=== COLLECTED DATA ===

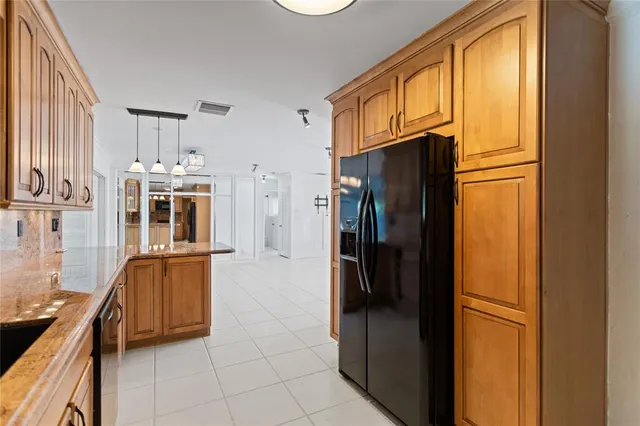 $4,500 | 2325 Northeast 9th Street, Pompano Beach, FL 33062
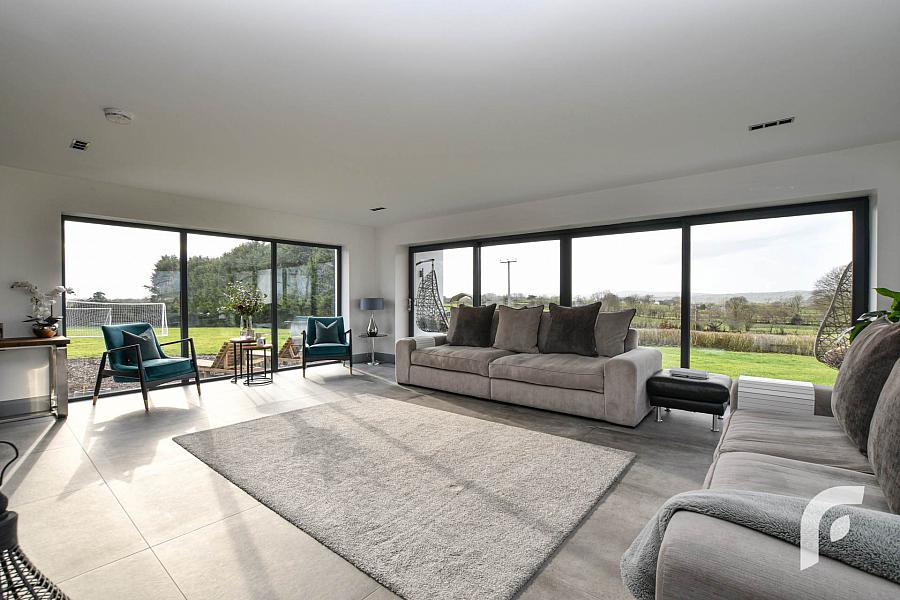 44 Straid Road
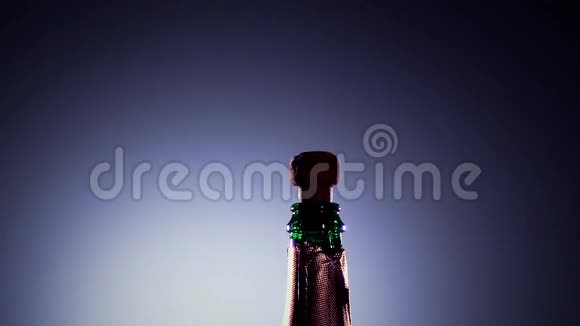 瓶装香槟酒开启动作缓慢背景明亮视频的预览图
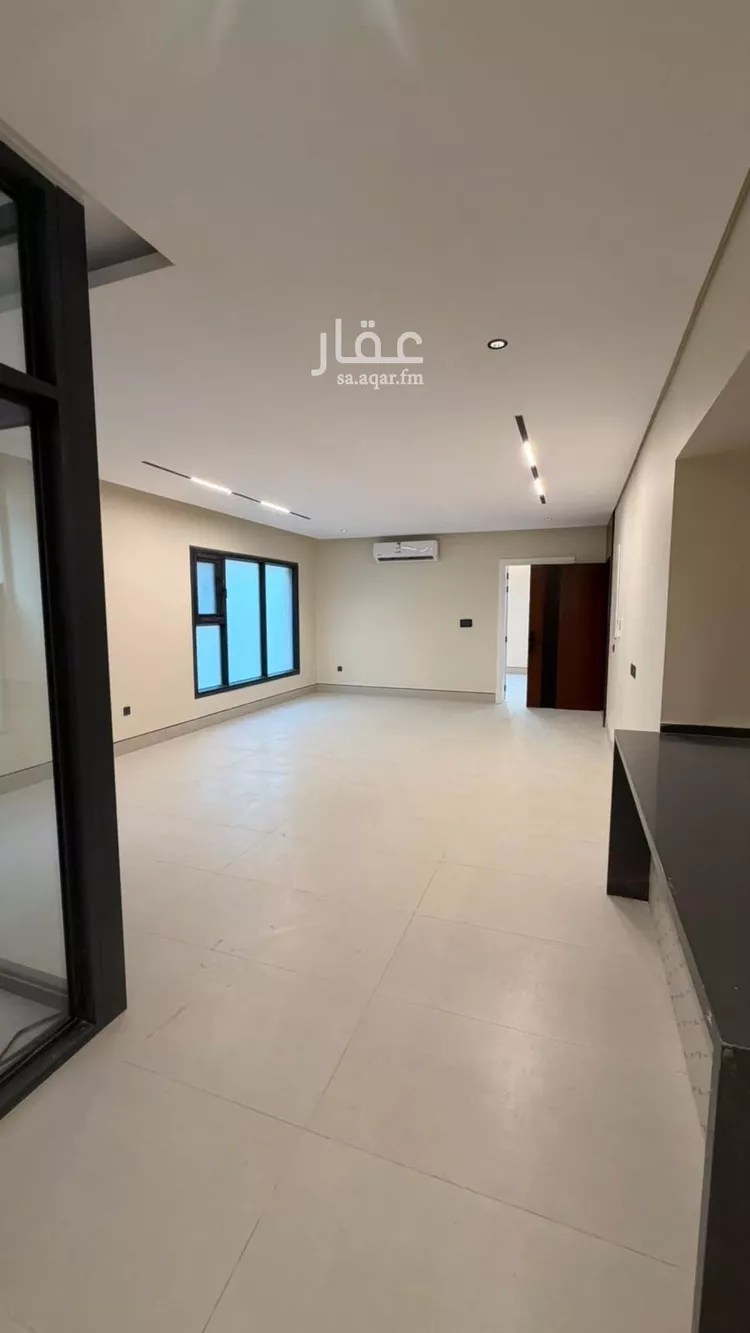 Floor for Sale in Riyadh King Fahd 13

===

WHAT TO PRODUCE ▸ Please repeat each line above exactly as it appears, but omit the pictures.

OUTPUT OF THE TASK ▸
 $4,500 | 2325 Northeast 9th Street, Pompano Beach, FL 33062
 44 Straid Road
 瓶装香槟酒开启动作缓慢背景明亮视频的预览图
 Floor for Sale in Riyadh King Fahd 13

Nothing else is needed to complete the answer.